Problem details — Please repeat the data exactly. Any picture in it stays out.

Information shown —
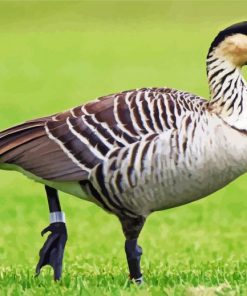 Nene Goose Diamond Painting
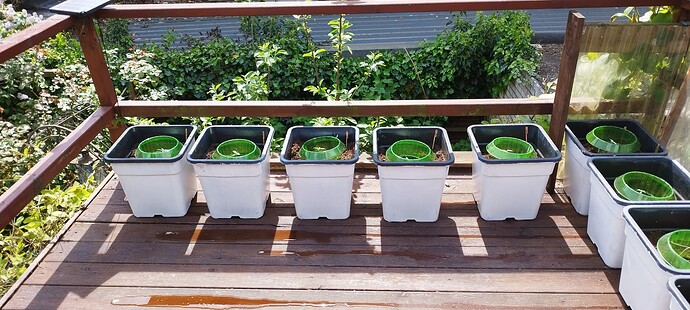 Growreport Bild 7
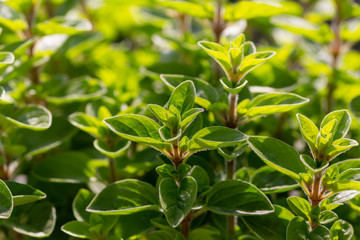 Oregano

Result —
 Nene Goose Diamond Painting
 Growreport Bild 7
 Oregano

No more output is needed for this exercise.